Aims: Arrhythmogenic right ventricular cardiomyopathy (ARVC) is an inherited cardiomyopathy associated with a high risk of ventricular arrhythmia (VA). Current guidelines recommend beta-blockers as first-line medical therapy and if ineffective, sotalol or amiodarone. We describe our experience, as a tertiary centre for ARVC, with the effectiveness and tolerance of flecainide in addition to beta-blockers to prevent VA in ARVC.
Methods and results: We retrospectively included 100 consecutive ARVC patients who received flecainide with beta-blockers between May 1999 and November 2017. Treatment persistence and related side effects were assessed, as was VA-free survival on treatment, 24-h Holter monitoring and programmed ventricular stimulation (PVS) off- and on-treatment. Tolerance was good, with 10% flecainide discontinuations (lack of efficacy in six, atrial fibrillation in one, and side effects in three). No Brugada-induced electrocardiography pattern on flecainide or haemodynamic impairment was reported. Premature ventricular contraction burden at 24-h Holter monitoring was significantly decreased under treatment [median 415 (interquartile range, IQR 97-730) vs. 2370 (1572-3400) at baseline, P < 0.0001, n = 46]. Among the 33 patients with PVS under treatment, PVS was positive in 40% on-treatment vs. 94% off-treatment (P < 0.001).

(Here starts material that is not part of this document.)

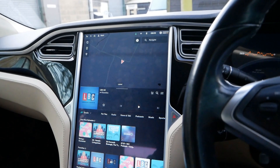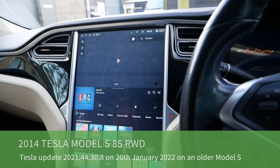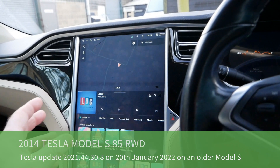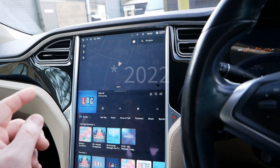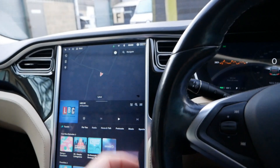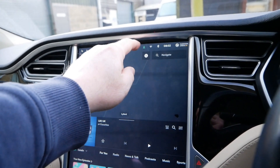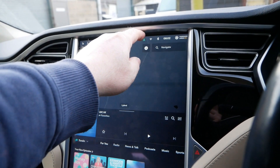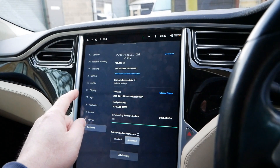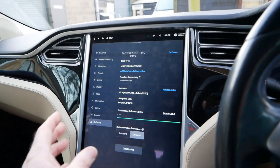Hi, it's Matt here from Go Green Autos. This is a video for Tesla drivers. It's the 20th of January 2021 and this is what's referred to now as a classic Model S — a 2014 Model S — and overnight a new software update has become available. In this video I'm just going to install it and show you what this update brings.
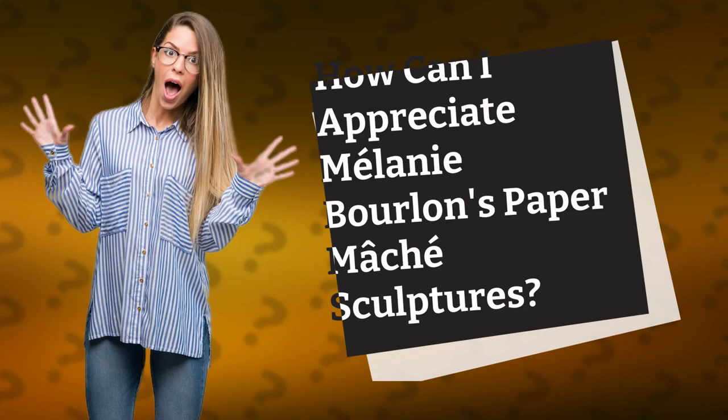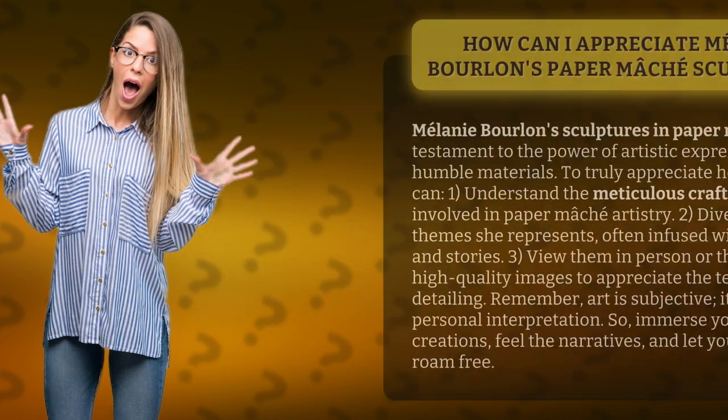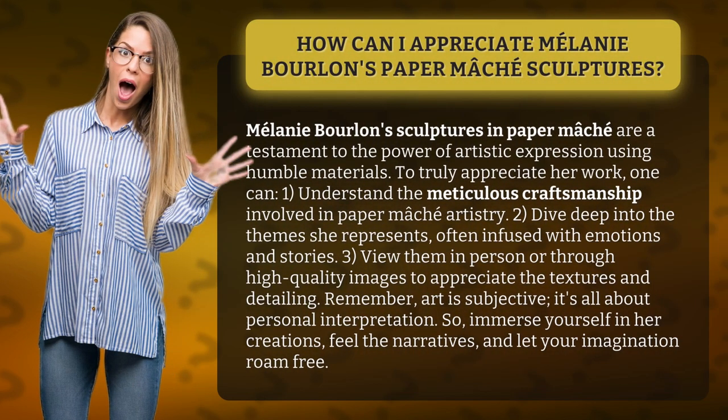Melani Borland's sculptures in paper mache are a testament to the power of artistic expression using humble materials. To truly appreciate her work, one can understand the meticulous craftsmanship involved in paper mache artistry.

During a median follow-up of 47 months (IQR 23-73), 22 patients presented sustained VA on treatment, corresponding to an event rate of 5% [95% confidence interval (CI) (0.6-9)] at 1 year and 25% [95% CI (14-35)] at 5 years under treatment. No patient died.
Conclusion: This study suggests that flecainide and beta-blockers association is complementary to implantable cardioverter-defibrillator and catheter ablation and is safe for treating persistent symptomatic VA in patients with ARVC.
Keywords: Antiarrhythmic drugs; Arrhythmogenic right ventricular cardiomyopathy/dysplasia; Beta-blockers; Cardiomyopathy; Flecainide; Ventricular tachycardia.